Ye shall not round the corners of your heads.



That is, they are not to shave off the hair around the temples and behind the ears, so as to leave the head bald except a dish-like tuft upon the crown, thus imparting to their heads the form of a hemisphere. This was done by the Arabs, and other worshippers of the god Orotal. Hence the Arabs are ironically called “those with the corner of their hairpolled” (Jer_9:26; Jer_25:23; Jer_49:32). (C. D. Ginsburg, LL. D.)



The true worshipper to appear as such

The command means, that the Israelite was not only to worship God alone, but he was not to adopt a fashion in dress which, because commonly associated with idolatry, might thus misrepresent his real position as a worshipper of the only living and true God. (S. H. Kellogg, D. D.)

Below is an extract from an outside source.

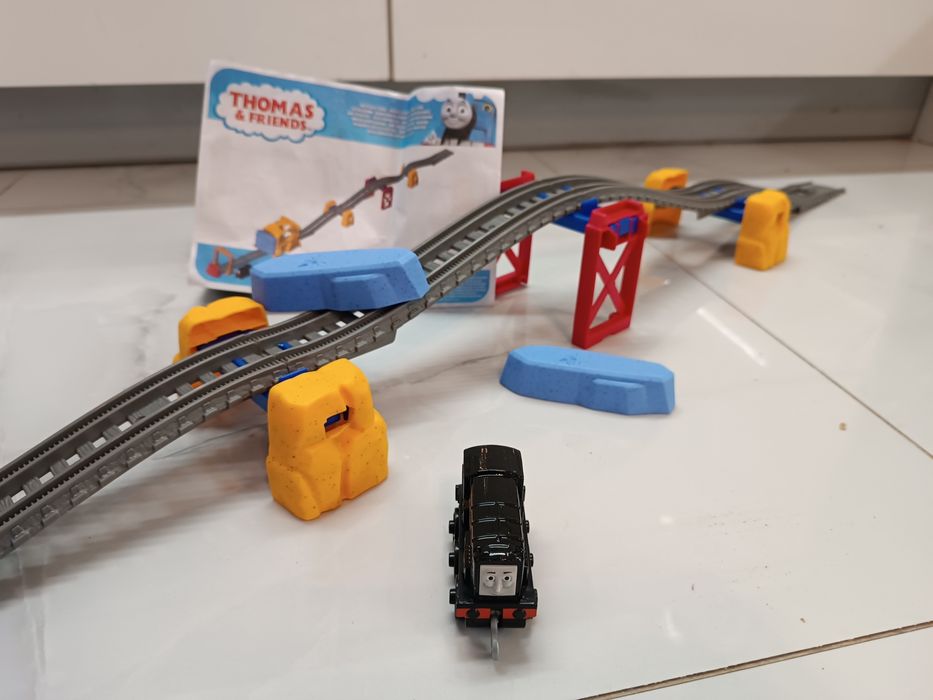 Zestaw tor Diesel i Wybuch w tunelu Tomek Fisher-Price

Neither shalt thou mar the corners of thy beard.--An injunction not to mar the beard might hardly appear necessary, since it is well known with what pride and scrupulous care the beard was cultivated by the Hebrews and other Eastern nations; that it was deemed the greatest ornament of a man, a badge of his dignity, and a type of his vigour and perfect manhood; beard and life were hence often employed as synonymous, and oaths were confirmed, and blessings bestowed, by invoking the one or the other’; suppliants, desirous to give the utmost solemnity to their appeals, touched the beards of those they addressed; and a mutilation of the beard was looked upon as an unbearable disgrace, and often regarded as more calamitous than death. In some countries the beard was the distinctive mark of free men. An old Spartan law forbade the ephori, from the moment of their taking office, to clip their beards; and those who had fled before the enemy in battle were compelled to appear in public with half-shorn beards. However, it was customary among several nations for young men “to present to their gods the firstlings of their beards”; and it was possibly to prevent the adoption of similar usages among the Hebrews that the injunction was deemed desirable. Besides, “marring the cornets of the beard” was a heathen mode of mourning, which was not to be imitated, since it might easily lead to more objectionable perversities. (M. M. Kaliseh, Ph. D.)